In the next article (4.9), Elisa Bienenstock and Pam Toman provide an overview of Social Network Analysis (SNA) and propose a manner in which potential rare events may be recognized a priori through monitoring social networks of interest. In line with a common theme throughout this white paper, they emphatically state that SNA alone is not a sufficient perspective from which to anticipate the planning or imminence of a rare event. To be useful, SNA must be used as a component of a more comprehensive strategy requiring cultural and domain knowledge. They go on to state that SNA is both an approach to understanding social structure and a set of methods for analysis to define and discover those activities and associations that are indicators of these rare, high impact events. In particular, they focus their discussions on two insights from the field of social network analysis: 1) the innovation necessary to conceive of these rare events originating at the periphery of the terrorist network, and 2) the organization of an event and how it generates activity in new regions of the network.

Ritu Sharma, Donna Mayo, and CAPT Brett Pierson introduce in the next article (4.10) concepts from System Dynamics (SD) and systems thinking to explore some of the ways in which this technique can contribute to the understanding of “rare events”. Their focus is on identifying the key dynamics that drive behavior over time and the explicit consideration of feedback loops. Starting with the by now familiar premise that building a model that can accurately predict the future is impossible, they go on to enumerate the benefits attributed to a System Dynamics model to help prepare for, and hopefully mitigate the adverse effects of, rare events such as understanding which rare events generate the most harmful impacts, highlighting the factors and causal logic that would drive a rare event, and lastly identifying the highest leverage areas for focus and mitigation. They conclude by stating that System Dynamics can integrate valuable experience, research, and insight into a coherent framework to help refine and accelerate learning, facilitate discussion, and make the insight actionable by identifying key leverage points and creating a platform to test impacts of various strategies.
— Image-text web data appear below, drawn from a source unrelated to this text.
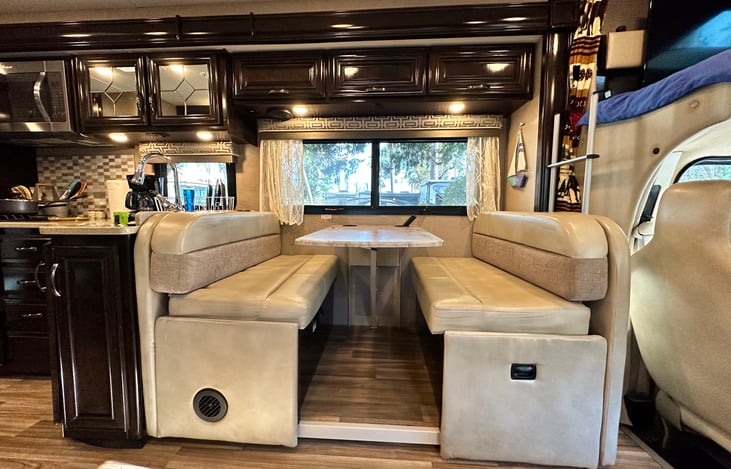 Dinette comfortably seats 4. Makes into sleeping area. Small for adult but good for children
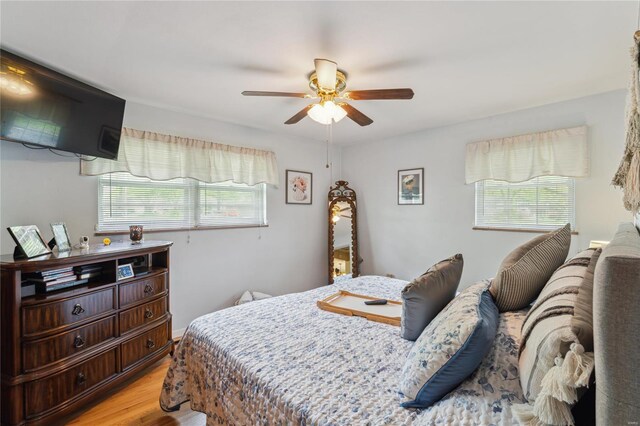 bedroom featuring a ceiling fan and light wood-style flooring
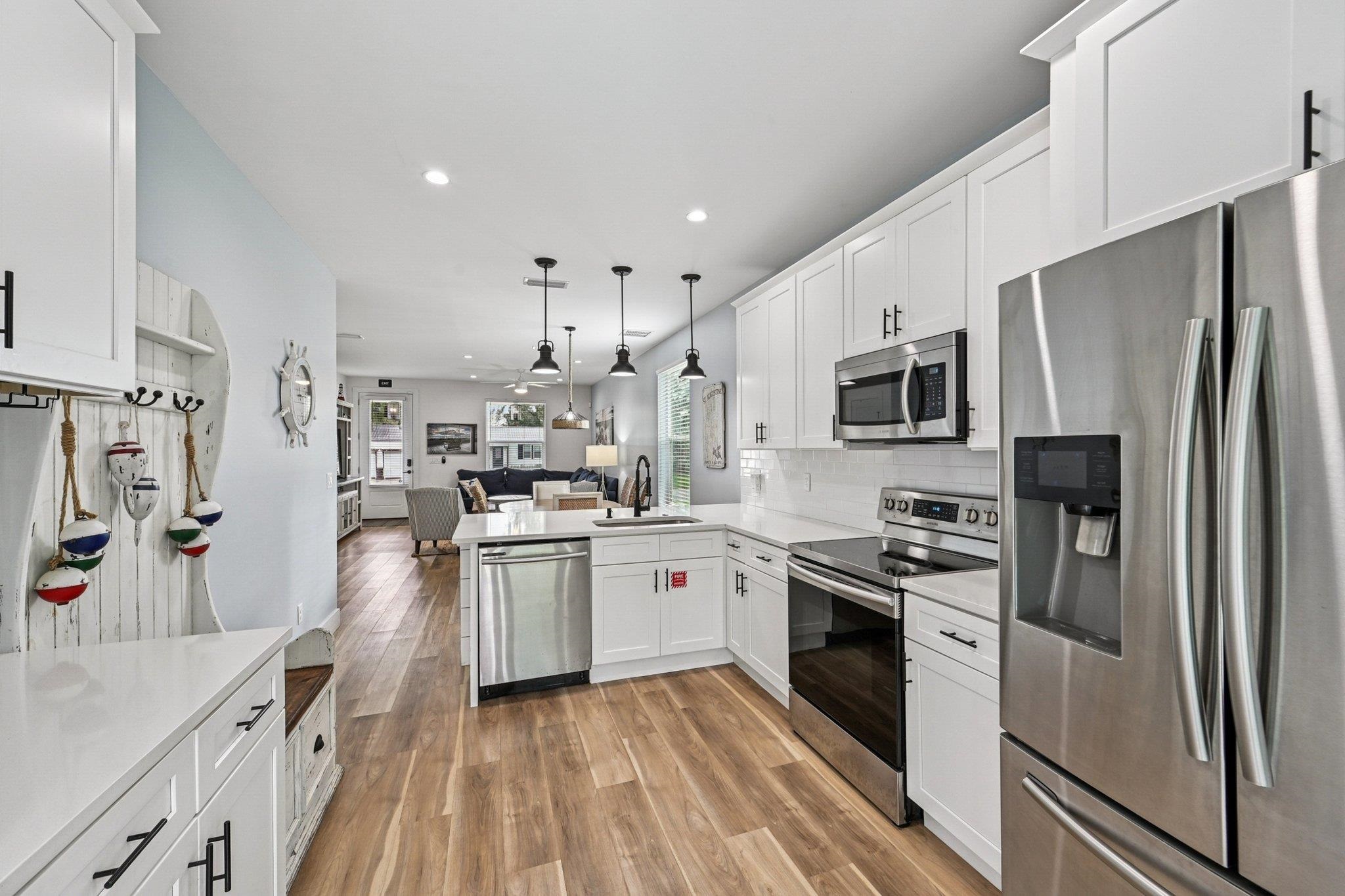 43 Menendez Road St. Augustine, FL 32080 - Photo 45 of 48 Kitchen with stainless steel appliances, open floor plan, white cabinetry, pendant lighting, and light wood-type flooring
The next article (4.11) by Carl Hunt and David Schum advances approaches that harness the science of probabilistic reasoning augmented by complex system theory in support of testing hypotheses for unforeseen events. Key assumptions here go to the heart of the challenge of forecasting rare events: nonlinearity of input and output; the ambiguity of cause and effect; the whole is not quantitatively equal to its parts; and that results may not be assumed to be repeatable. Adaptation and co-evolution are important features in this approach. The article stresses the role of curiosity and discovery in the process of abduction as a formal method of reasoning. We often deal with evidence that is typically incomplete, often inconclusive, usually dissonant, ambiguous, and imperfectly credible. When this occurs, we must apply some sort of probabilistic inference method to assess the effect a particular piece of evidence will have on our decision-making, even when there are no historical event distributions to assess – the authors discuss how this might be accomplished.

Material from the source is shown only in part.